### [What is being asked]
Transcribe the records below from the first line to the line that includes "Nathan Cohen Biography", inclusive, and omit the pictures.

(Pictures with short captions)

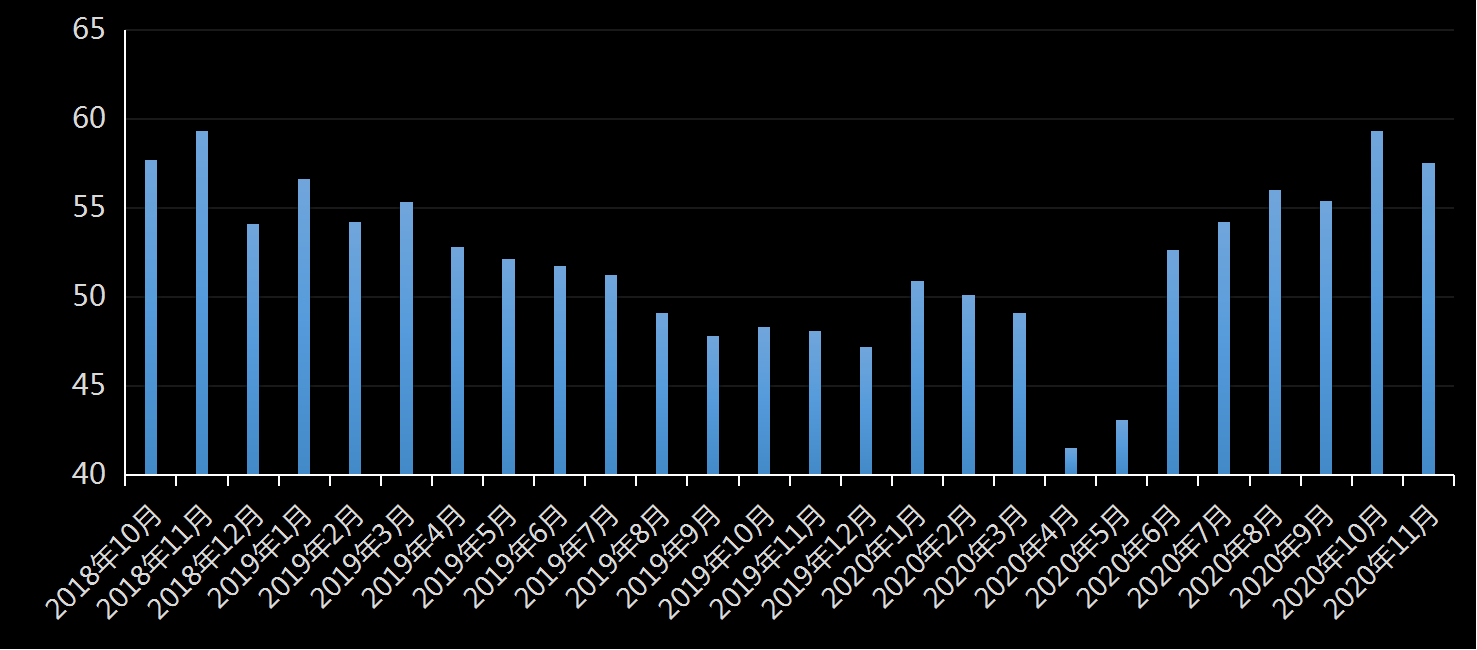 ism-pmi.png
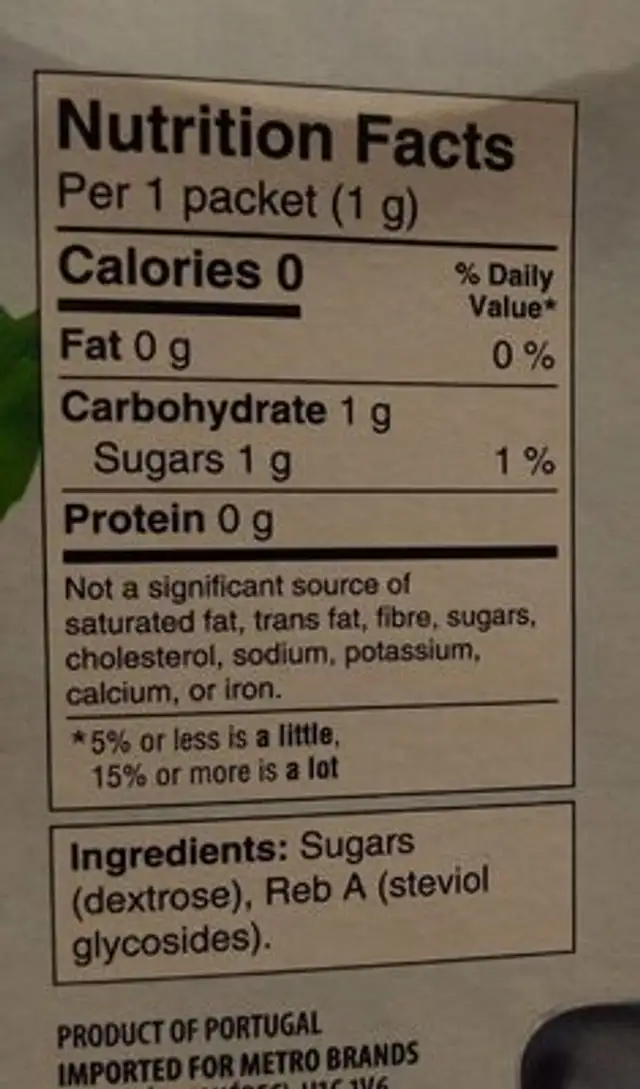 Stevia nutrition facts table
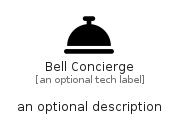 illustration for BellConcierge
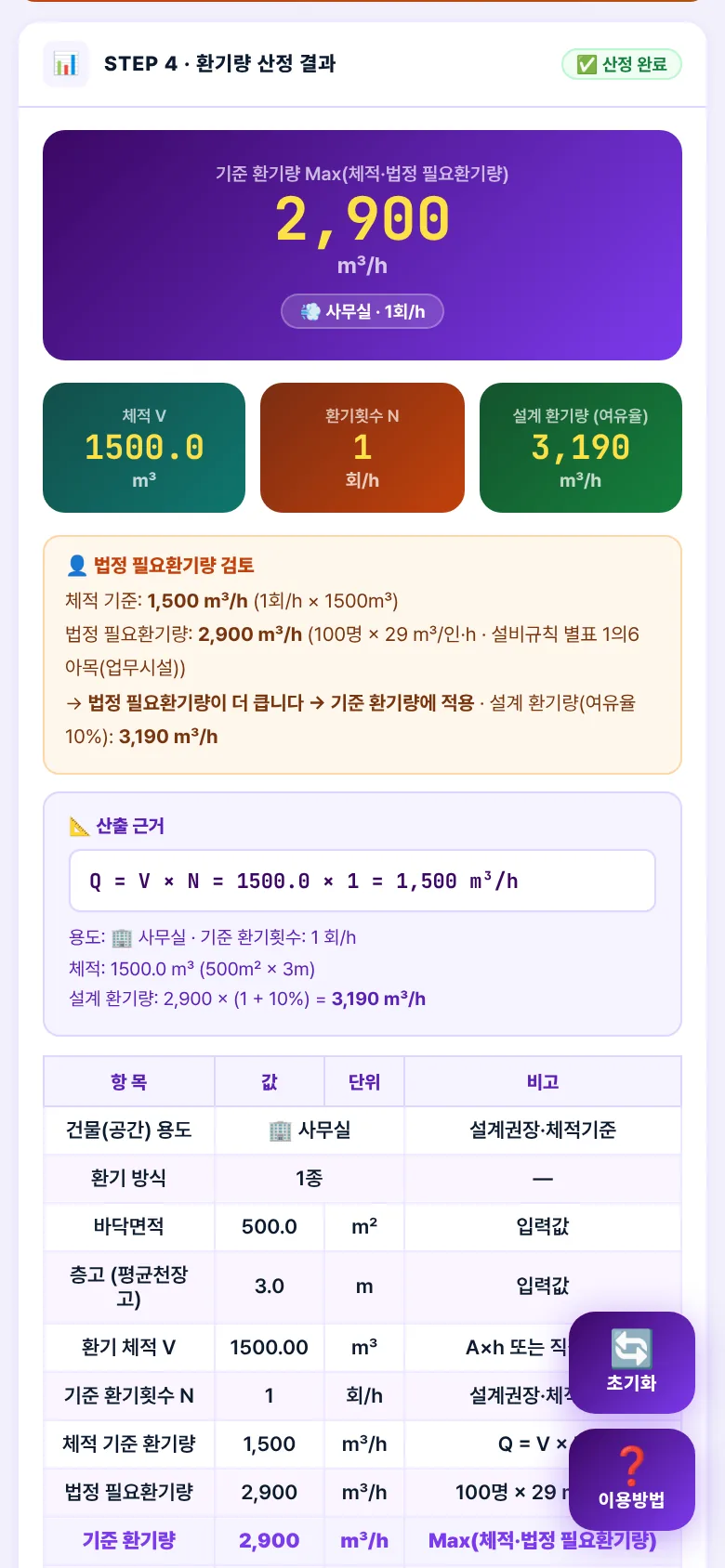 결과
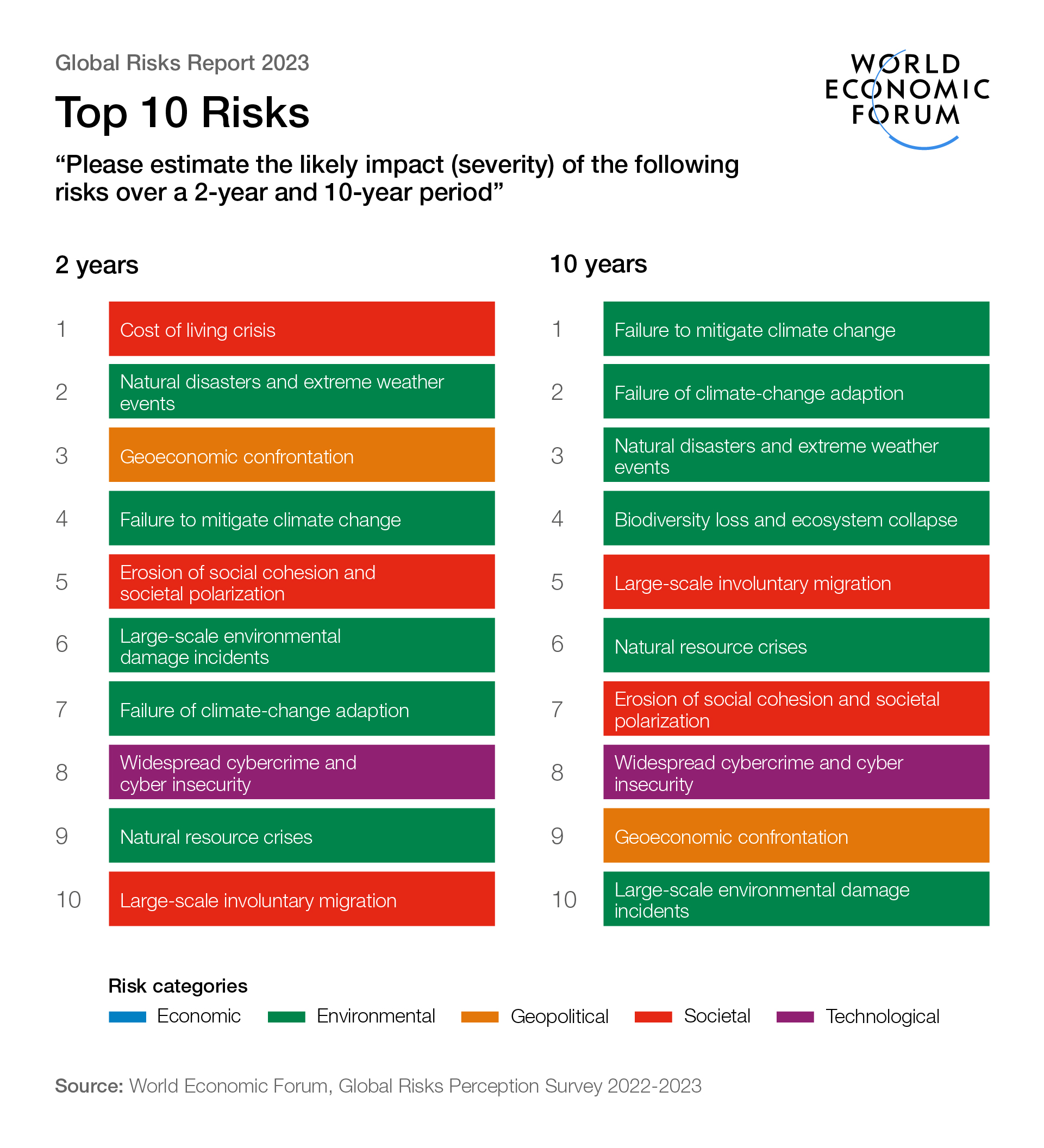 Major risks breakdown from Marsh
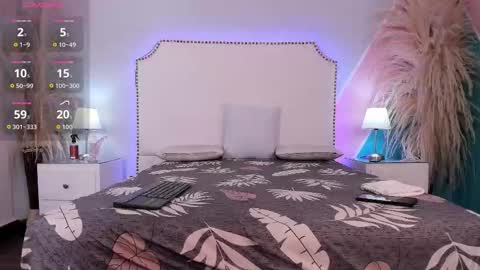 _cherry_fox online show from 03/21/26, 01:26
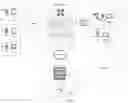 Fig. 07 - Anonymous App-less digital Punch cards based loyalty programs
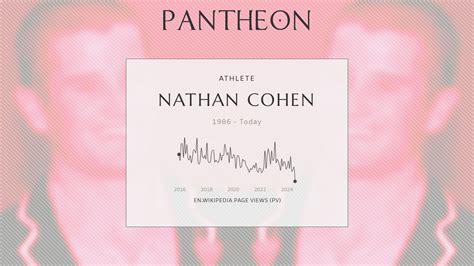 Nathan Cohen Biography Topics Referred To By The Same Term Pantheon
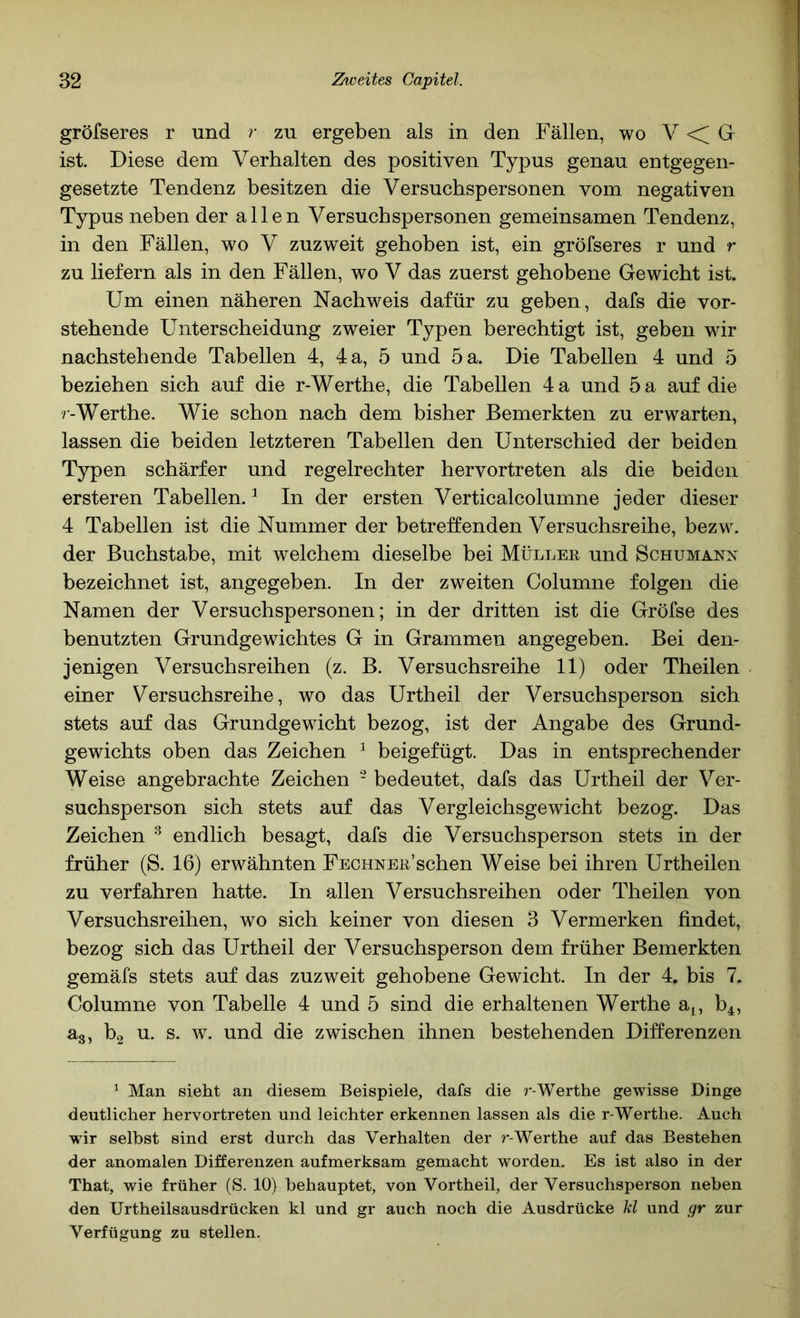 gröfseres r und r zu ergeben als in den Fällen, wo V G ist. Diese dem Verhalten des positiven Typus genau entgegen- gesetzte Tendenz besitzen die Versuchspersonen vom negativen Typus neben der allen Versuchspersonen gemeinsamen Tendenz, in den Fällen, wo V zuzweit gehoben ist, ein gröfseres r und r zu liefern als in den Fällen, wo V das zuerst gehobene Gewicht ist. Um einen näheren Nachweis dafür zu geben, dafs die vor- stehende Unterscheidung zweier Typen berechtigt ist, geben wir nachstehende Tabellen 4, 4 a, 5 und 5 a. Die Tabellen 4 und 5 beziehen sich auf die r-Werthe, die Tabellen 4 a und 5 a auf die r-Werthe. Wie schon nach dem bisher Bemerkten zu erwarten, lassen die beiden letzteren Tabellen den Unterschied der beiden Typen schärfer und regelrechter hervortreten als die beiden ersteren Tabellen. ^ In der ersten Verticalcolumne jeder dieser 4 Tabellen ist die Nummer der betreffenden Versuchsreihe, bezw. der Buchstabe, mit welchem dieselbe bei Müller und Schumanx bezeichnet ist, angegeben. In der zweiten Columne folgen die Namen der Versuchspersonen; in der dritten ist die Gröfse des benutzten Grundgewichtes G in Grammen angegeben. Bei den- jenigen Versuchsreihen (z. B. Versuchsreihe 11) oder Theilen einer Versuchsreihe, wo das Urtheil der Versuchsperson sich stets auf das Grundgewicht bezog, ist der Angabe des Grund- gewichts oben das Zeichen ^ beigefügt. Das in entsprechender Weise angebrachte Zeichen - bedeutet, dafs das Urtheil der Ver- suchsperson sich stets auf das Vergleichsgewicht bezog. Das Zeichen endlich besagt, dafs die Versuchsperson stets in der früher (S. 16) erwähnten FEcnxER’schen Weise bei ihren Urtheilen zu verfahren hatte. In allen Versuchsreihen oder Theilen von Versuchsreihen, wo sich keiner von diesen 3 Vermerken findet, bezog sich das Urtheil der Versuchsperson dem früher Bemerkten gemäfs stets auf das zuzweit gehobene Gewicht. In der 4. bis 7. Columne von Tabelle 4 und 5 sind die erhaltenen Werthe a^, b4, ag, b2 u. s. w. und die zwischen ihnen bestehenden Differenzen ^ Man sieht an diesem Beispiele, dafs die r-Werthe gewisse Dinge deutlicher hervortreten und leichter erkennen lassen als die r-Werthe. Auch wir selbst sind erst durch das Verhalten der r-Werthe auf das Bestehen der anomalen Differenzen aufmerksam gemacht worden. Es ist also in der That, wie früher (S. 10) behauptet, von Vortheil, der Versuchsperson neben den Urtheilsausdrücken kl und gr auch noch die Ausdrücke kl und gr zur Verfügung zu stellen.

### [Reply to the exercise]
 ism-pmi.png
 Stevia nutrition facts table
 illustration for BellConcierge
 결과
 Major risks breakdown from Marsh
 _cherry_fox online show from 03/21/26, 01:26
 Fig. 07 - Anonymous App-less digital Punch cards based loyalty programs
 Nathan Cohen Biography Topics Referred To By The Same Term Pantheon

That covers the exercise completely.